- Instructions for the task
Repeat exactly what runs from the line with "Tigrica s mladými" through the last line of the material, and keep the pictures out of it.

- Data provided
────────
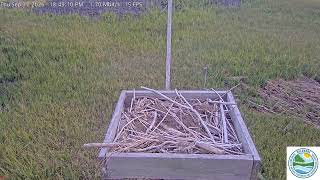 Mispillion Harbor Osprey Camera live webcam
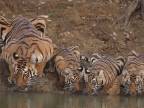 Tigrica s mladými sa prišla napiť vody (India)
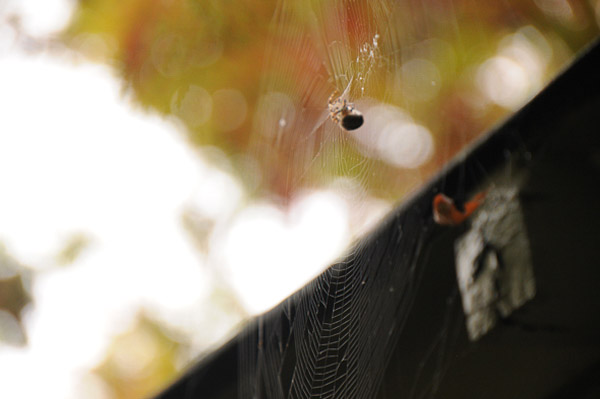 A real spider and web in the garden - much smaller than Hallowe’en renderings and definitely not frightening.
────────
- Your response
 Tigrica s mladými sa prišla napiť vody (India)
 A real spider and web in the garden - much smaller than Hallowe’en renderings and definitely not frightening.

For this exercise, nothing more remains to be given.